🤖 AI Summary
In multimodal classification, existing semi-supervised methods neglect modality-specific task information, exacerbating semantic discrepancies across modalities. To address this, we propose a collaborative semi-supervised learning framework for image and structured tabular data. Our method introduces: (1) a novel decoupled contrastive consistency module that separately models modality-shared and modality-specific representations; and (2) a consensus-guided pseudo-label generation scheme coupled with prototype-embedding-driven label smoothing to mitigate cross-modal inconsistency. Evaluated on natural and medical imaging multimodal benchmarks, our approach significantly outperforms state-of-the-art supervised, self-supervised, and semi-supervised unimodal and multimodal methods. The source code is publicly available.
📝 Abstract
Multimodal image-tabular learning is gaining attention, yet it faces challenges due to limited labeled data.

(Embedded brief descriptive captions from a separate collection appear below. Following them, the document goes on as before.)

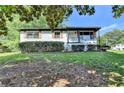 Traditional-style home with landscaped front yard and covered porch entry at 3991 Adamsville Sw Dr, Atlanta, GA 30331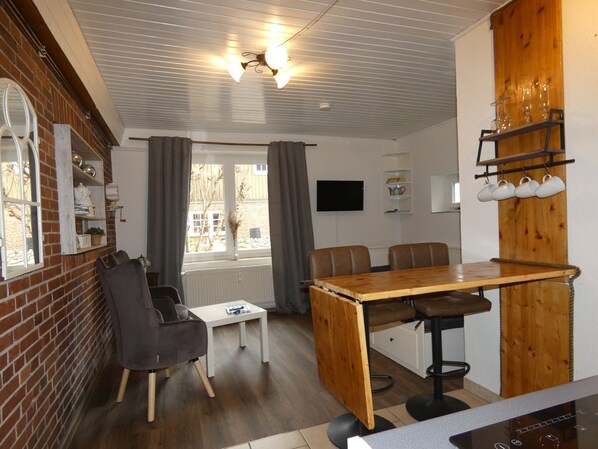 A compact room with a dining table, two chairs, a small white table, a TV mounted on the wall, and a window with curtains.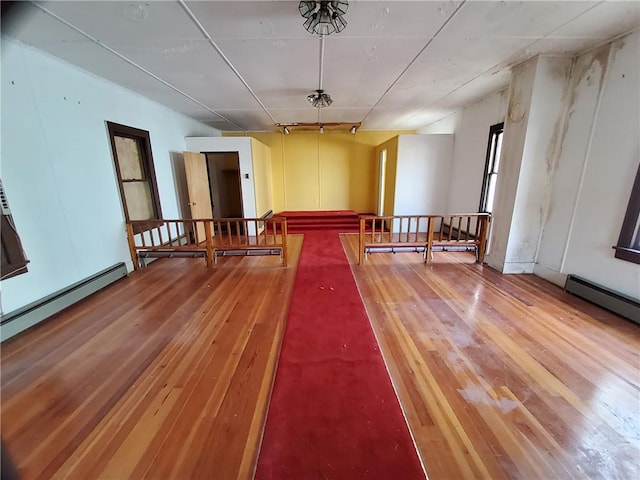 empty room featuring wood-type flooring and a baseboard radiator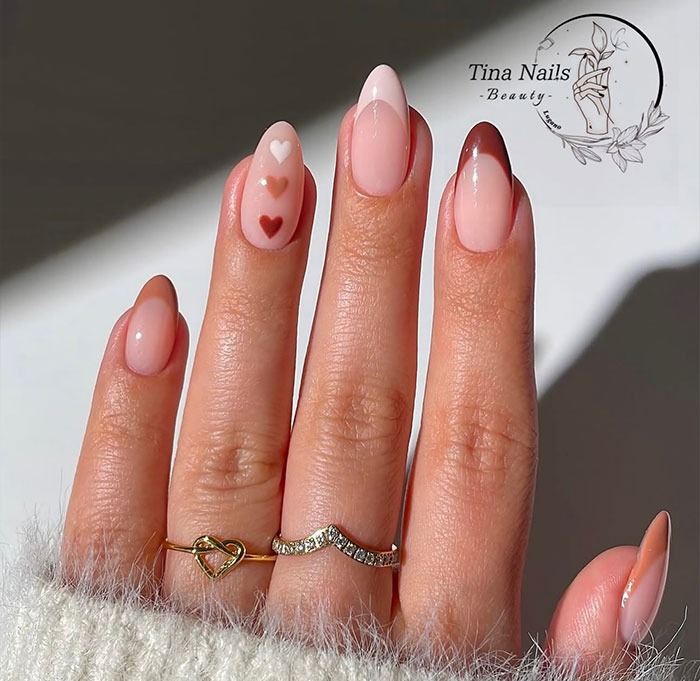 Hand with glossy almond nails in soft pink shades and heart designs, showcasing popular almond nails trends for 2025.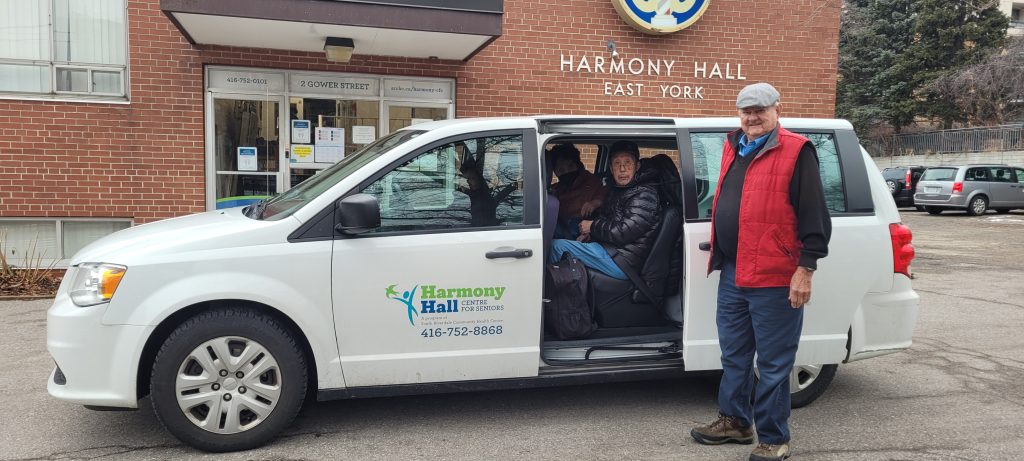 A person sits inside of a van with an open door. Next to the open door stands a Harmony Hall driver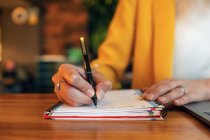 Обрізати невпізнавану бізнес-леді в елегантному барвистому одязі, пишучи з ручкою в блокноті, сидячи за дерев'яним столом і використовуючи ноутбук в сучасному офісі — стокове фото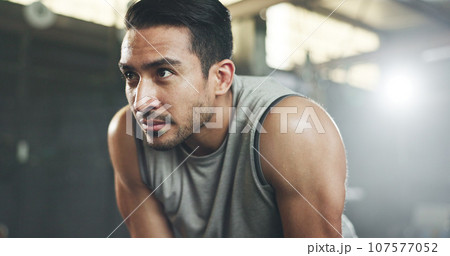 Sweat, fitness and man tired from gym, workout or rest in training in cardio, sports and body builder breathing with fatigue. Exhausted, break and athlete with commitment for health challenge 107577052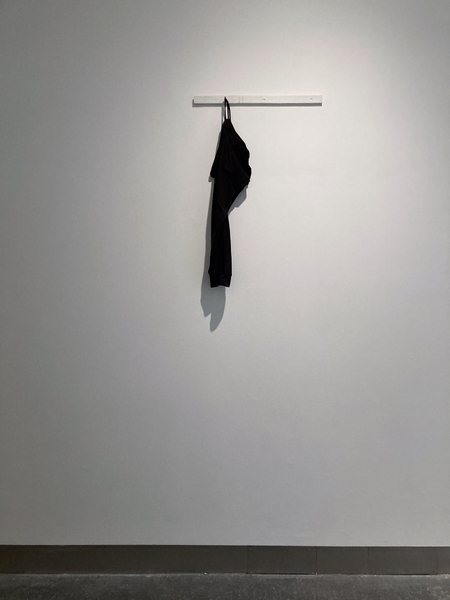 ‘Umbilical (07777688920)’  SMITH/STEWART 2026 (tracksuit bottoms, mobile phone, sound, painted wood, screws)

While earlier work has applied self-supervised learning (SSL) to unlabeled data, its task-agnostic nature often results in learning suboptimal features for downstream tasks. Semi-supervised learning (SemiSL), which combines labeled and unlabeled data, offers a promising solution. However, existing multimodal SemiSL methods typically focus on unimodal or modality-shared features, ignoring valuable task-relevant modality-specific information, leading to a Modality Information Gap. In this paper, we propose STiL, a novel SemiSL tabular-image framework that addresses this gap by comprehensively exploring task-relevant information. STiL features a new disentangled contrastive consistency module to learn cross-modal invariant representations of shared information while retaining modality-specific information via disentanglement. We also propose a novel consensus-guided pseudo-labeling strategy to generate reliable pseudo-labels based on classifier consensus, along with a new prototype-guided label smoothing technique to refine pseudo-label quality with prototype embeddings, thereby enhancing task-relevant information learning in unlabeled data. Experiments on natural and medical image datasets show that STiL outperforms the state-of-the-art supervised/SSL/SemiSL image/multimodal approaches. Our code is publicly available.